The paper “Semantics-aware Virtual Machine Image Management in IaaS Clouds” has been accepted for publication at 33rd IEEE International Parallel & Distributed Processing Symposium , IPDPS 2019 to be held at Rio de Janerio, Brazil (May 20-24 2019).
Authors: Nishant Saurabh (Alpen-Adria Universität Klagenfurt), Julian Remmers (University of Innsbruck), Dragi Kimovski (Alpen-Adria Universität Klagenfurt), Radu Prodan (Alpen-Adria Universität Klagenfurt), Jorge G. Barbosa (LIACC, Faculdade de Engenharia da Universidade do Porto).

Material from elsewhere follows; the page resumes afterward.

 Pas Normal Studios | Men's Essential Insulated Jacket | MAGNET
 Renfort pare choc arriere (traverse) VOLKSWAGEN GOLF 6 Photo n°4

Abstract: Infrastructure-as-a-service (IaaS) Clouds concurrently accommodate diverse sets of user requests, requiring an efficient strategy for storing and retrieving virtual machine images (VMIs) at a large scale. The VMI storage management require dealing with multiple VMIs, typically in the magnitude of gigabytes, which entails VMI sprawl issues hindering the elastic resource management and provisioning. Nevertheless, existing techniques to facilitate VMI management overlook VMI semantics (i.e at the level of base image and software packages) with either restricted possibility to identify and extract reusable functionalities or with higher VMI publish and retrieval overheads. In this paper, we design, implement and evaluate Expelliarmus, a novel VMI management system that helps to minimize storage, publish and retrieval overheads. To achieve this goal, Expelliarmus incorporates three complementary features. First, it makes use of VMIs modelled as semantic graphs to expedite the similarity computation between multiple VMIs. Second, Expelliarmus provides a semantic aware VMI decomposition and base image selection to extract and store non-redundant base image and software packages. Third, Expelliarmus can also assemble VMIs based on the required software packages upon user request. We evaluate Expelliarmus through a representative set of synthetic Cloud VMIs on the real test-bed. Experimental results show that our semantic-centric approach is able to optimize repository size by 2.2-16 times compared to state-of-the-art systems (e.g. IBM’s Mirage and Hemera) with significant VMI publish and retrieval performance improvement.